The recruitment process
As with any industry, talent within tech market is affected by an organisations recruitment process. “26% of tech workers have dropped out of a job application because the recruitment process was too slow”. Candidates are looking for application processes which keep clear lines of communication, are succinct and meaningful to the role they are applying for. Many HR leaders are being asked to make cost efficiencies meaning there is greater pressure on making a ‘good hire’ and avoiding hiring mistakes. According to SHRM research, the average cost per hire is $4,700 but factoring in additional hiring costs and the cost of a bad hire and it becomes closer to 3 or 4 times the roles salary!
How to take action:
Remember the recruitment process is often a candidate's first experience of your organisation. Get this right and even if they do not reach the final stage, they are likely to engage with you again in the future. If you’re utilising psychometric tests to assess cognitive skills or aptitude for example, ensure that you follow best practices. Candidates should know how and why they are being assessed and where possible feedback results. Not only does this build trust but it gives candidates a chance to develop in the future. Finally, the cost of a bad hire is significant, our team at Pearson can help you gain the data you need to make informed hiring decisions based on valid and reliable assessments.

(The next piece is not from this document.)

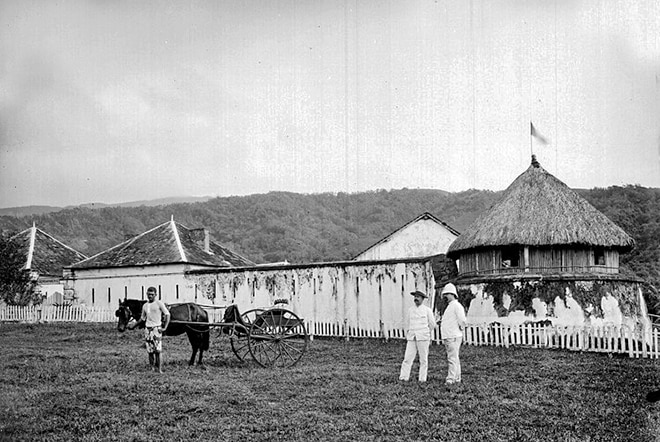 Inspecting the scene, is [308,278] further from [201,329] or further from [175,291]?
[201,329]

The tech talent market is ambitious. Organisations need top candidates who can apply and implement new technologies to keep pace with competitors. Upskilling and reskilling offer a huge opportunity for internal staff to grow and develop which may help reduce the cost of recruitment, but organisations need to be prepared to look at their recruitment strategy and develop a pipeline of skills-based candidates who can mobilize the organisation quickly and efficiently. Looking creatively at how they hire and using psychometric assessments to provide evidence of skill and potential can help reduce the cost of hire and improve retention rates.